-------- Stored data --------

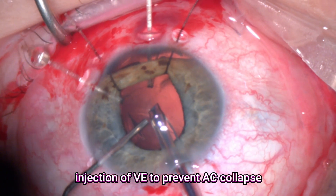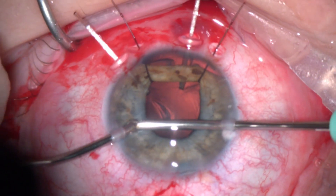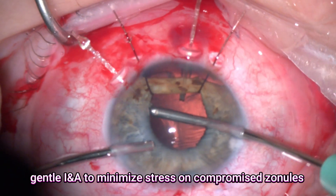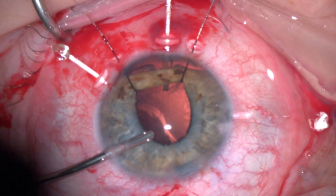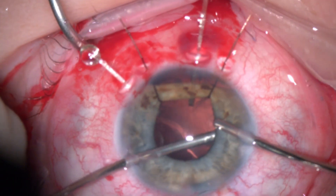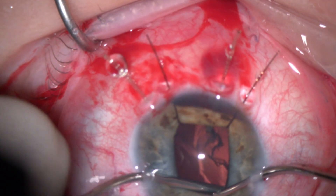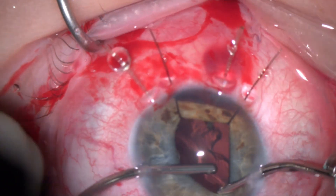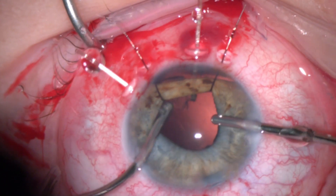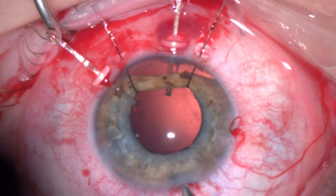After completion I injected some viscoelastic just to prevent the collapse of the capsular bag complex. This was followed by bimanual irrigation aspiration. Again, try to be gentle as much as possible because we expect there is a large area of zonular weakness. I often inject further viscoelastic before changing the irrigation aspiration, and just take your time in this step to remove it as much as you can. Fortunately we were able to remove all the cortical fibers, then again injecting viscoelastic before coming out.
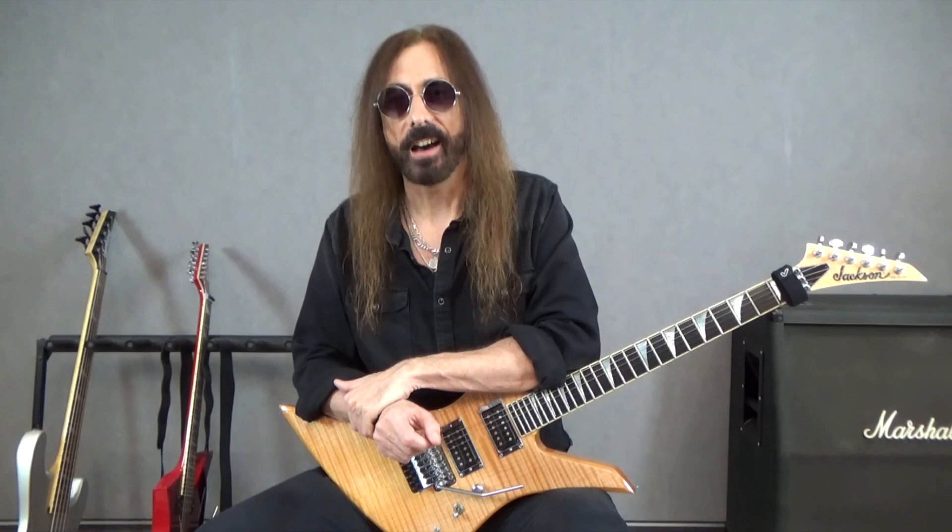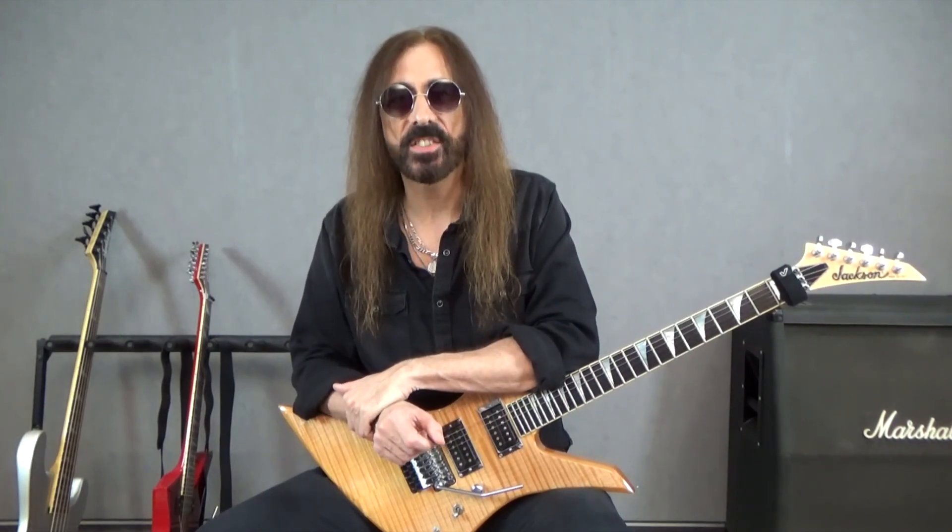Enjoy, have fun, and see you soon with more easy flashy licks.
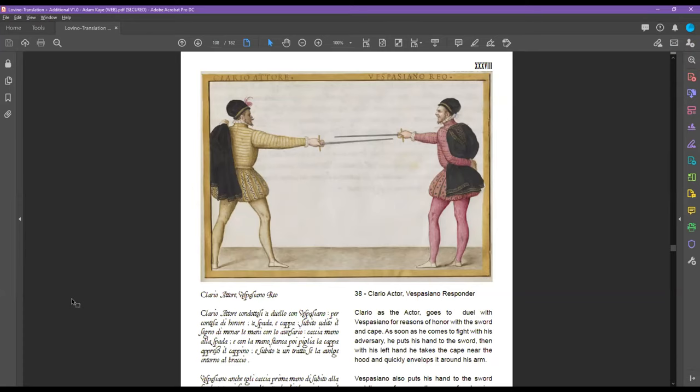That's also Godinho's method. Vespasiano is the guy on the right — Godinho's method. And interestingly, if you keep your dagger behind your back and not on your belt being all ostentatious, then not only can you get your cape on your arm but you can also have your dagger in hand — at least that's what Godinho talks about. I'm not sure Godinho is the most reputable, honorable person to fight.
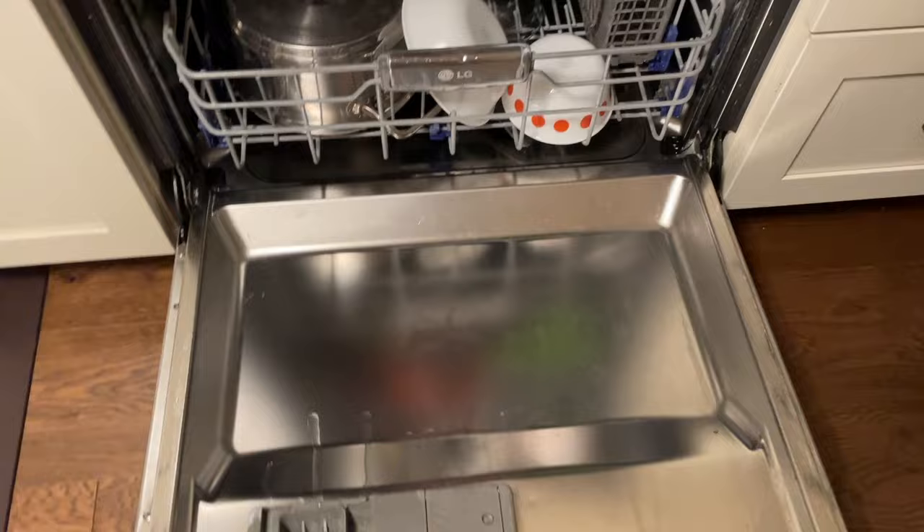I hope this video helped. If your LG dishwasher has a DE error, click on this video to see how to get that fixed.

--------

■ Aim of the task
Once the pictures are set aside, the remaining data must be transcribed exactly.

■ Reply
After completion I injected some viscoelastic just to prevent the collapse of the capsular bag complex. This was followed by bimanual irrigation aspiration. Again, try to be gentle as much as possible because we expect there is a large area of zonular weakness. I often inject further viscoelastic before changing the irrigation aspiration, and just take your time in this step to remove it as much as you can. Fortunately we were able to remove all the cortical fibers, then again injecting viscoelastic before coming out.
Enjoy, have fun, and see you soon with more easy flashy licks.
That's also Godinho's method. Vespasiano is the guy on the right — Godinho's method. And interestingly, if you keep your dagger behind your back and not on your belt being all ostentatious, then not only can you get your cape on your arm but you can also have your dagger in hand — at least that's what Godinho talks about. I'm not sure Godinho is the most reputable, honorable person to fight.
I hope this video helped. If your LG dishwasher has a DE error, click on this video to see how to get that fixed.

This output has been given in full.